Citation:      Kal Tire Ltd. v. I.C.B.C.                                             Date:           20150810

2015 BCPC 0225                                                                          File No:                     51067

                                                                                                        Registry:                    Vernon

 

 

IN THE PROVINCIAL COURT OF BRITISH COLUMBIA

SMALL CLAIMS COURT

 

 

 

BETWEEN:

KAL TIRE Ltd.

CLAIMANT

 

 

AND:

INSURANCE CORPORATION OF BRITISH COLUMBIA

DEFENDANT

 

 

  

 

 

 

 

REASONS FOR JUDGMENT

OF THE

HONOURABLE JUDGE MCKIMM

 

 

 

 

Counsel for the Claimant:                                                                             M. Russman, Esq.

Counsel for the Defendant:                                                                              M. Hewett, Esq.

Place of Hearing:                                                                                                      Vernon, B.C.
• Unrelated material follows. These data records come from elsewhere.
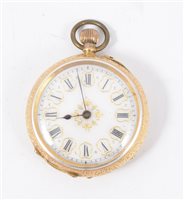 Lot 205 - A yellow metal open face fob watch, white enamel dial with a roman numeral chapter ring in a yellow metal floral engraved case marked 18k, gilded base metal inner case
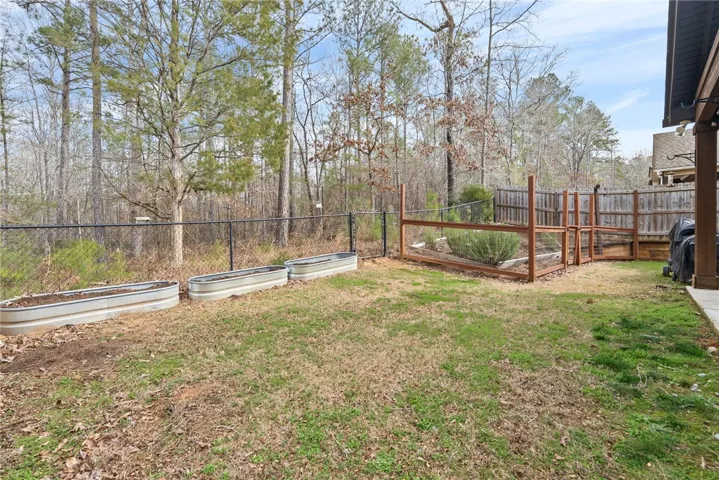 The backyard has wonderful gardening spots just waiting for you.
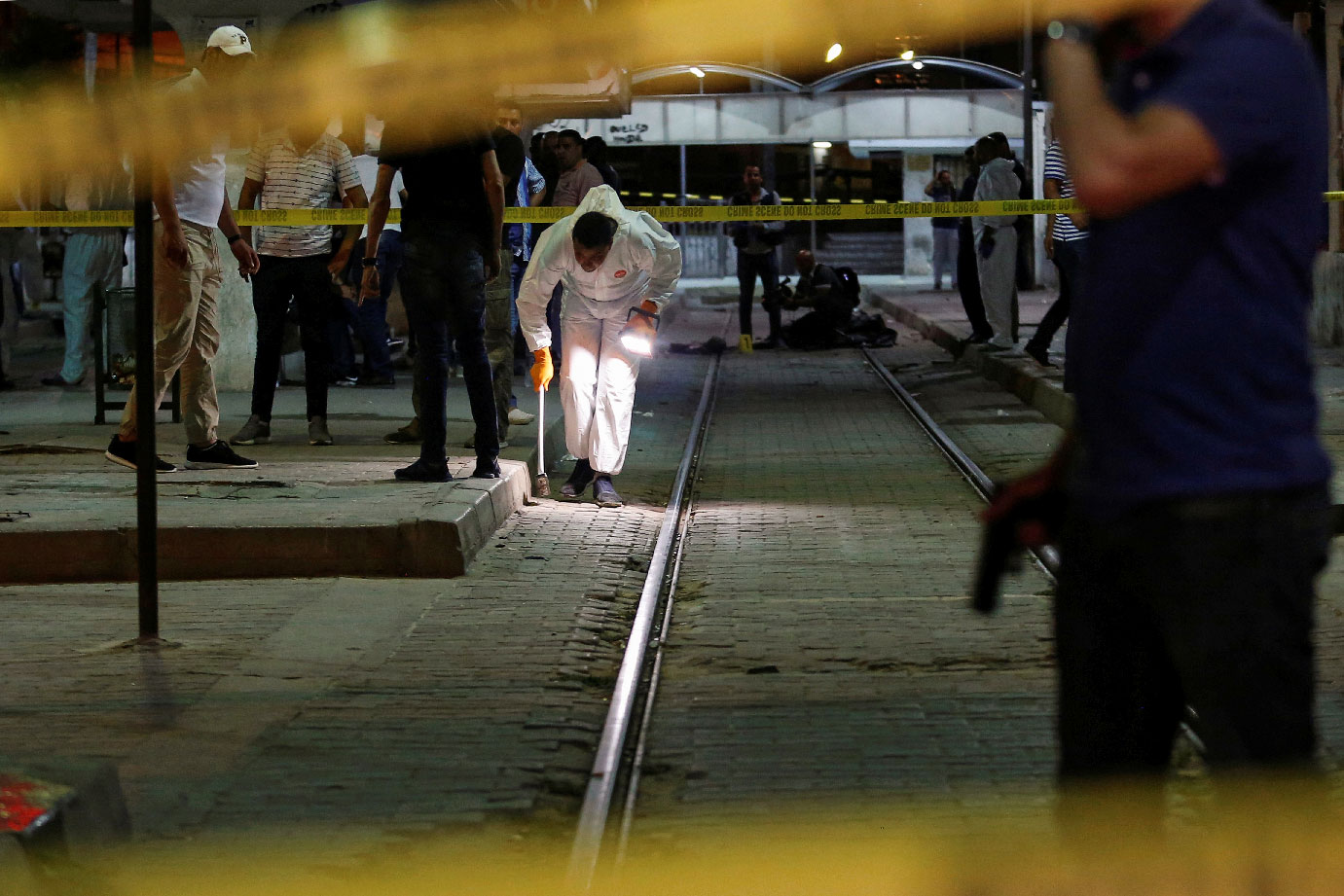 Authorities inspect the scene after a man reported to be wearing an explosive belt died in the Intilaka area in Tunis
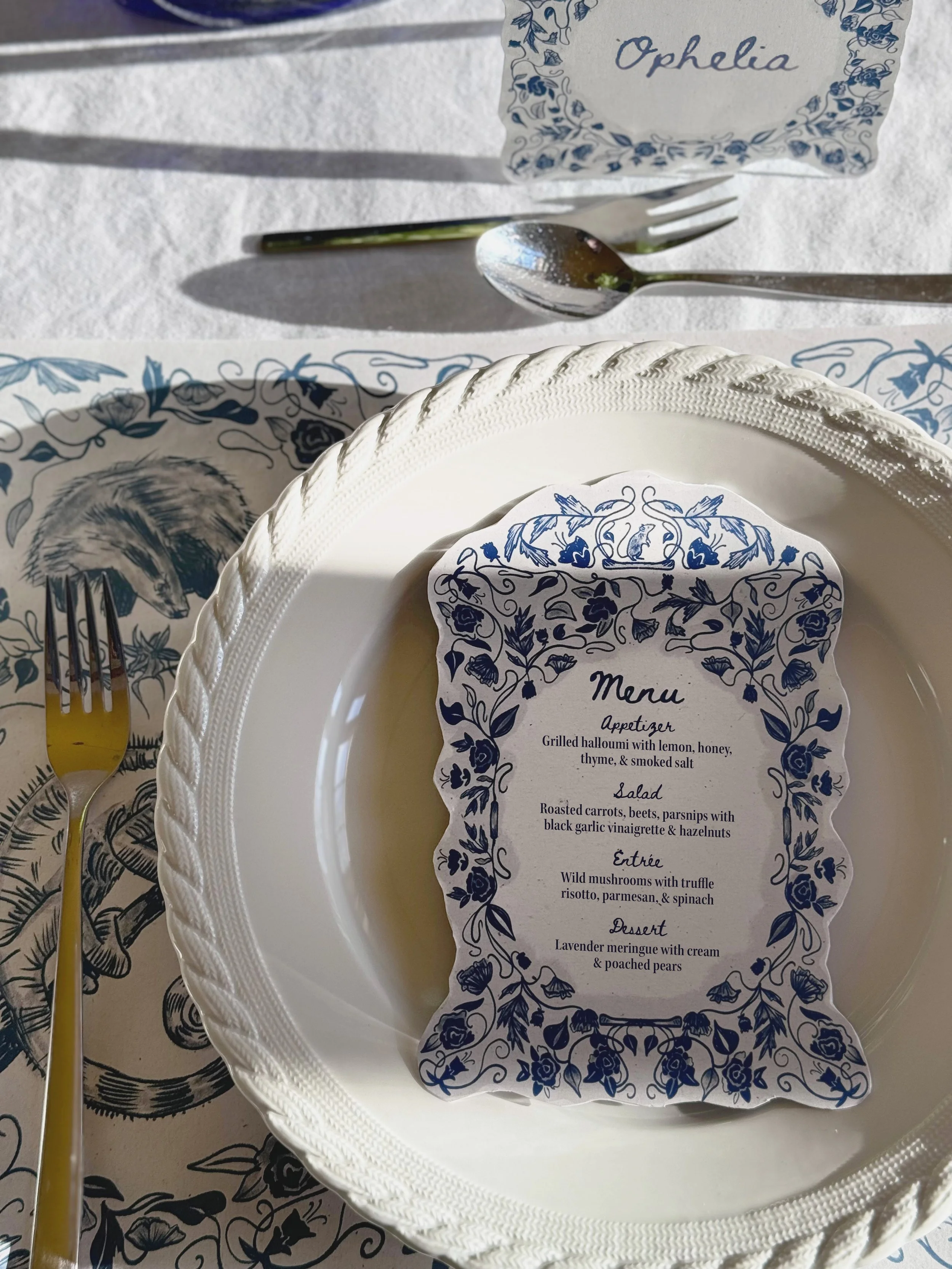 A table setting with a white plate, a knife and fork, a silver spoon, and a menu with a blue floral border. The menu includes appetizer, salad, entrée, and dessert items, and the tablecloth and placemat feature a matching blue floral design.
Date of Hearing:                                                                                                   March 27, 2015

Date of Judgment:                                                                                             August 10, 2015


Summary

[1]           The complainant operates a garage in which he conducts, among other things, automotive repairs.  During the course of repairs to two vehicles extensive damage was done to electronic components within the vehicles.  The question in this case is whether that damage is covered under a policy of insurance between the claimant and the defendant.  For the reasons that follow, it is my view that the loss is excluded from coverage by the policy of insurance and the claim must be dismissed.

Facts

The Policy of Insurance

[2]           Kal Tire Ltd. hereinafter “Kal Tire”, operates a series of automotive service centers in British Columbia that conduct repairs and maintenance on customer’s automobiles.  In order to conduct this business Kal Tire is required to hold a policy of insurance called a Garage Policy issued by the defendant Insurance Corporation of British Columbia, hereafter “ICBC”. ICBC, sold Kal Tire that insurance policy for which Kal Tire paid a premium of $510,769.00.  The policy provides that ICBC shall indemnify Kal Tire, "for liability for direct loss or damage other than loss or damage to which collision coverage applies to a customer's vehicle while in the care, custody or control of the insured.”  It is agreed between the parties that the damage in question is clearly covered under the policy of insurance, unless it is specifically excluded by another term policy.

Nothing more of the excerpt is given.